Duas éticas em conflito

LUIZ TENÓRIO OLIVEIRA LIMA
ESPECIAL PARA A FOLHA

Num evento público, como esta CPI dos Correios, se entrecruzam, em diversos níveis, o público, a dimensão política dos fatos, e o privado, sua dimensão doméstica, psicológica.
No caso em foco -o depoimento de Renilda de Souza-, a natureza dramática do interrogatório torna-se mais visível, pelo fato de ela ser simultaneamente sócia e mulher de Marcos Valério.
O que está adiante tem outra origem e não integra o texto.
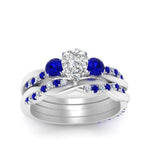 Load image into Gallery viewer, twisted-pear-shaped-diamond-wedding-band-with-sapphire-in-white-gold-FDENS3301PEGSABL-NL-WG.jpg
Assim, interligaram-se dois planos que revelam na performance uma ambigüidade interessante.
Essa ambigüidade interessa porque decorre da estrutura da situação, para além das estratégias de defesa e de acusação. Como mulher de Marcos Valério, está e se sente ligada ao marido, protege-o, assume-se responsável. Como mãe e dona-de-casa, manifesta-se com ternura e firmeza.
Quanto aos negócios públicos, declara ignorância. Não gosta de política. Desculpa-se. Parece sincera. Está sendo sincera. Embora seja também evidente que se omite e dissimula.
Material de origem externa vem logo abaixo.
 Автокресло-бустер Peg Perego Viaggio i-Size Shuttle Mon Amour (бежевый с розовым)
Um senador, ao inquiri-la, parece tocar o núcleo de seu conflito: a lealdade privada ao companheiro de 25 anos ou a lealdade aos princípios que regem a vida coletiva -os princípios republicanos.
Simplificando: a uma ética fundada em princípios, Renilda contrapõe uma ética fundada nos sentimentos. Indagada, ela hesita por alguns segundos, chora, e a sessão é interrompida com o consentimento de todos.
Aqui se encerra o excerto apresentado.